Business CMA Flashcards
If there’s an outside investor in your client’s limited company, what can you do to protect your client?
- Loan (with a higher interest than a bank would give) + preference shares.
Adv. for your client:
Can pay preference shares when they want and at the same time hold all the ordinary shares. So, outsiders wont have voting rights.
Disadv. for your client:
Frank and Mary might want some security for the loan + your clients might not receive dividend payments for a long time as it’s going to the investors’ preference shares.
Adv. for the investors:
Don’t have to wait until dividend it paid.

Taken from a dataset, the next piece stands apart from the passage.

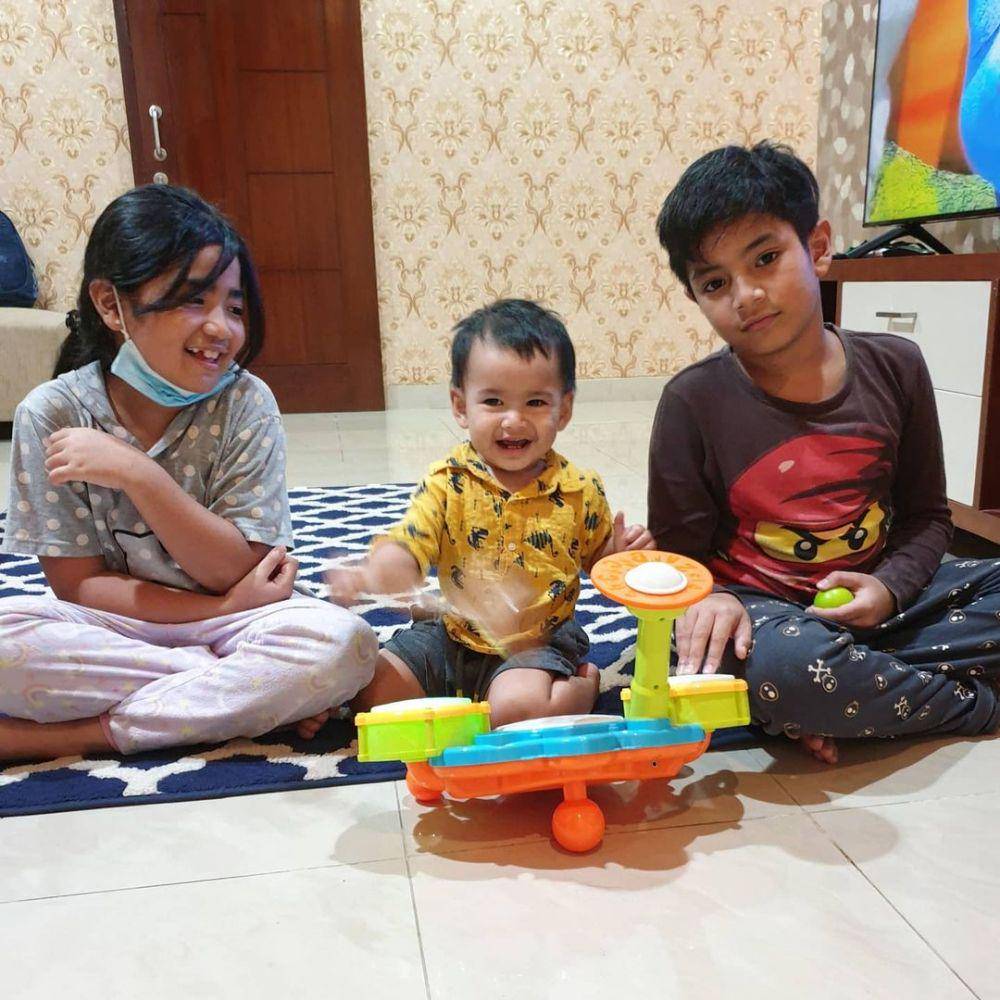 Muhammad Al Fatih Fabrizio Kurniawan dan Naira Syabila Azzahra Kurniawan (instagram.com/tommykurniawann)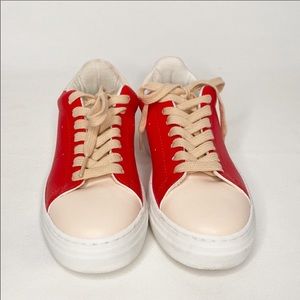 ALICE + OLIVIA THEA SNEAKER SIZE 6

Disadv .for the investors:
No voting rights + wont benefit from the direct profit of the company’s increasing success.
- Loan + ordinary shares + preference shares.
As long as the investors hold less than 25% of the ordinary shares between them - as it would remove the investors’ powers to block special resolutions (75%).
But, it’s unlikely the investors will accept this as they firstly want their investment to grow with the success of the company, and, since they said they don’t wanna be involved with the day-to-day running of the company (as directors), they will surely want a say as shareholders.
If an outside investor is investing in your client’s limited company, how can you stop them from removing them as director?
Legal background:
- Shareholders can remove directors by ordinary res.
- Shareholder meeting can be called if they have more than 5% of the voting rights.
- Although it’s usually one vote per shareholder, if they have more than 10% of ordinary shares, they can call a poll vote.
How to mitigate it:
- Enter shareholder agreement to say they cant remove or appoint other directors.
- In the company’s Articles, add a Bushell v Faith clause, which gives extra weight on the voting rights of the director they’re tryna remove.
- Provide for a fixed term in your clients service contracts, so if they were terminated early the company would have to pay them damages.